Le bulldozer est arrivé, et dès le début de la semaine prochaine, je peux recevoir le camp de Vanves. Camp de triste réputation. Enfin ça ira quand même.

Noisy le Grand - Château de France le 6/7/54

La vie continue toujours avec le même temps froid et brumeux. Pluies sans cesse, mais je n’ai pas le temps de m’ennuyer le moins du monde.

Maintenant. Que le travail est bien organisé mes journées sont calmes et moins fatigantes.

Des familles arrivent tous les jours, j’en suis actuellement à 42, j’en attends autant d’ici la fin de la semaine. Elles arriveront probablement samedi. 40 gars environ arriveront encore ces jours-ci. Cela va faire le centre le plus important de tous. C’est curieux je démarre souvent à zéro, avec le plus petit et cela s’amplifie du tonnerre.

J’attends avec impatience la visite de Papa dimanche. Tu peux venir à l’heure que tu voudras, je préfère que tu viennes dimanche car une fois celle-ci bien partie on m’enverra sans doute très prochainement dans une autre : car deux communautés, du moins une communauté et un centre dégringolent rapidement. J’y aurai droit j’espère.

Patrice

P.S. Un peu d’argent s’il vous plaît. .J’ai besoin d’une paire de sandalettes.

Noisy le Grand Château de France le 8/7/1954

Le centre de Vanves arrive samedi et dimanche. Un arrivage le matin et un autre l’après-midi. C’est la cadence normale, ce sera très intéressant pour Papa.

Avec les hommes ça va. Ceux que j’attendais ne sont pas encore arrivés.

Visite du Père (l’Abbé Pierre) hier, avec un tas de personnalités. Tout s’est très bien passé.

Noisy le Grand Château de France le 30/7/54

Les communautés viennent de subir un assez grand changement dans la direction. Le Père est évidemment toujours le grand directeur. Paul le second, Le troisième Marcel Montay a neuf communautés : Les peupliers, la Réserve, l’Usine à Gaz, etc. (C’est l’ancien responsable de Boulogne Billancourt dont le Père Gérard était l’adjoint).

Le Père Heine (Hollandais) à trois communautés dont Emmaüs.
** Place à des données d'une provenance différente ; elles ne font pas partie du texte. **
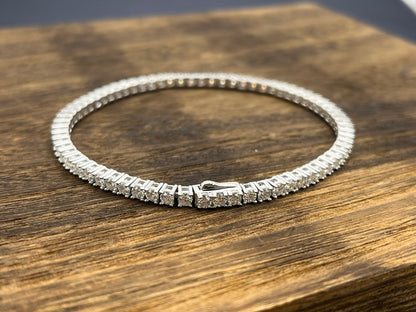 Kenzy Mii- 925 sterling silver 2.5 moissanite tennis bracelet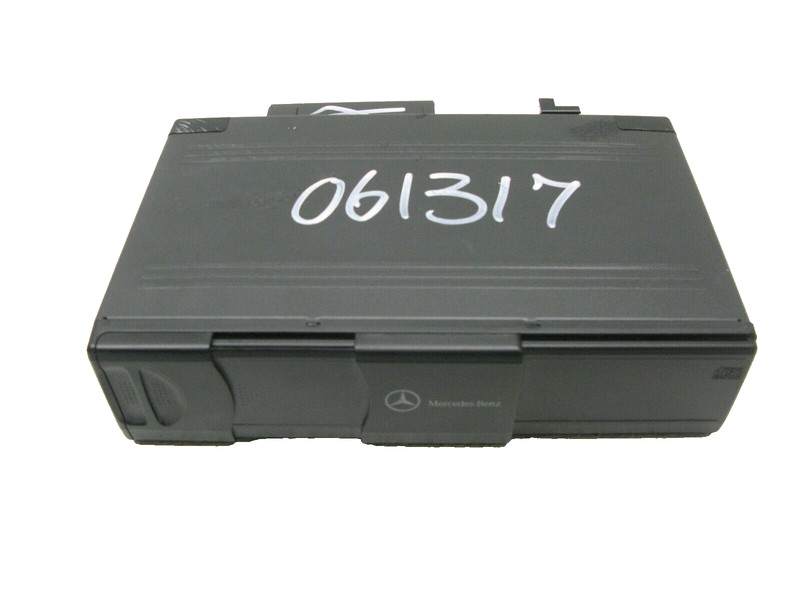 03-09 Mercedes W203 W209 CD Disc Changer Player Reader W/OUT magazine OEM 61317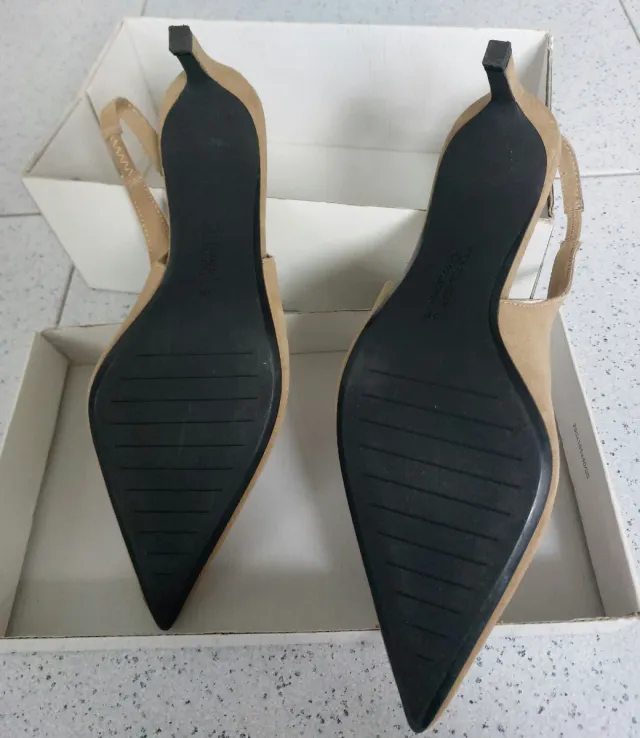 Zapatos tacón kitten beige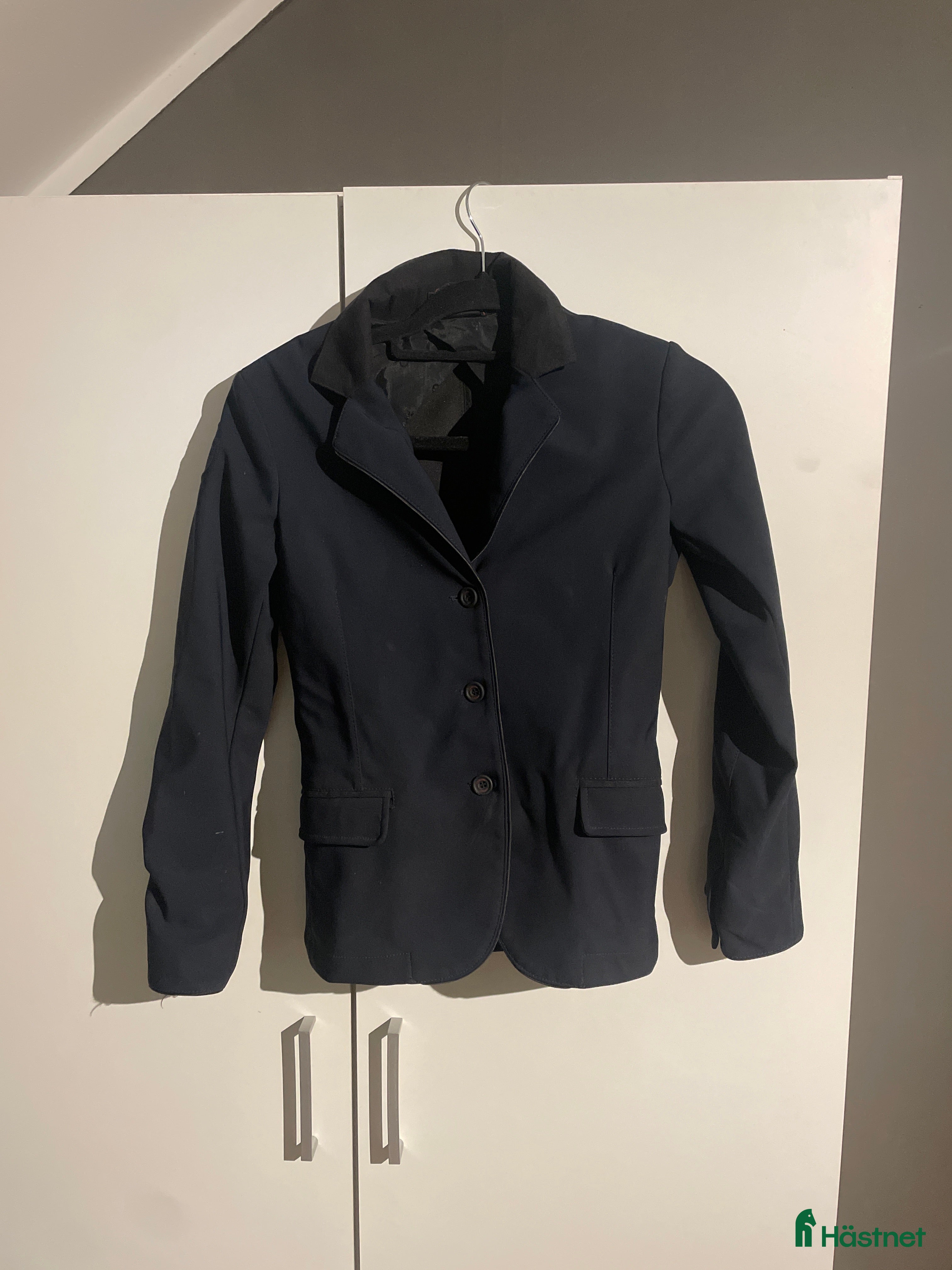 Jackor & Kavajer ryttarutrustning till salu: Cavalleria Toscana kavaj  - Annons 1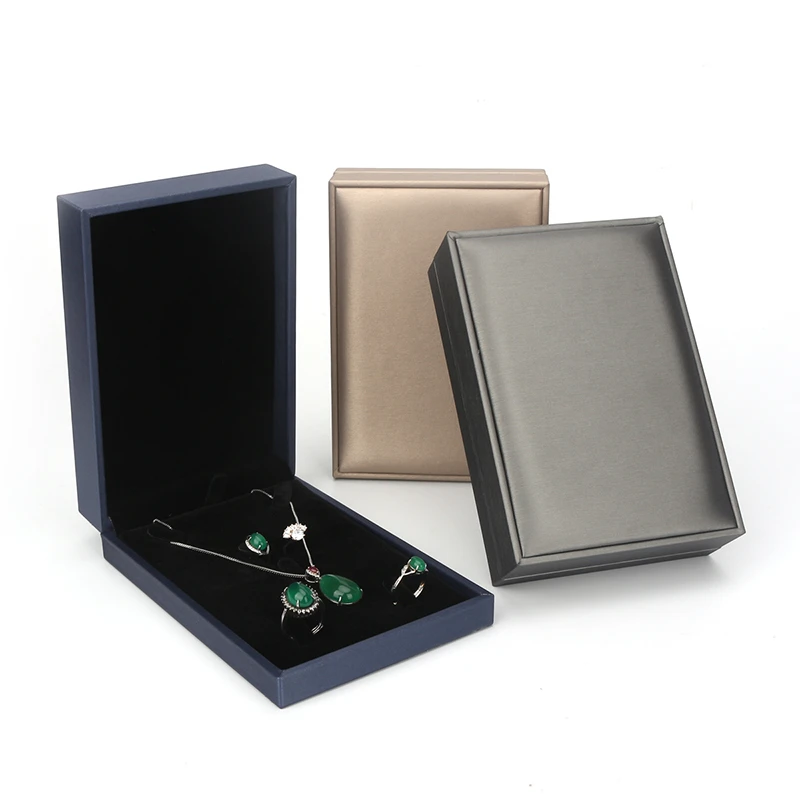 Luxury Female Jewelry Display Packaging Storage Box Pu Leather 3 Colors Wedding Ring Necklace Jewellery Suits For Birthday Gifts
Le quatrième est Jean Yves, les communautés en construction, dont je suis passé officiellement l’adjoint. Jean Yves a ses 3 adjoints qui sont soit avec lui, ou responsables de communautés plus les responsables de petits chantiers.

Je ferai sans doute prochainement un stage à Pontault, là où il termine un gros chantier.

Noisy deviendra le plus gros chantier de l’Abbé. Ils veulent en faire une chose magnifique. Espérons qu’ils m’en laisseront le responsable. Aucune importance.

J’ai vu Mme Renard, la responsable de la communauté femmes. Elle trouve Marie Pierre (la sœur de Patrice) un peu jeune, vu les difficultés énormes et la mentalité. Enfin nous la visiterons un dimanche, quand vous voudrez. Elle est là tous les dimanches.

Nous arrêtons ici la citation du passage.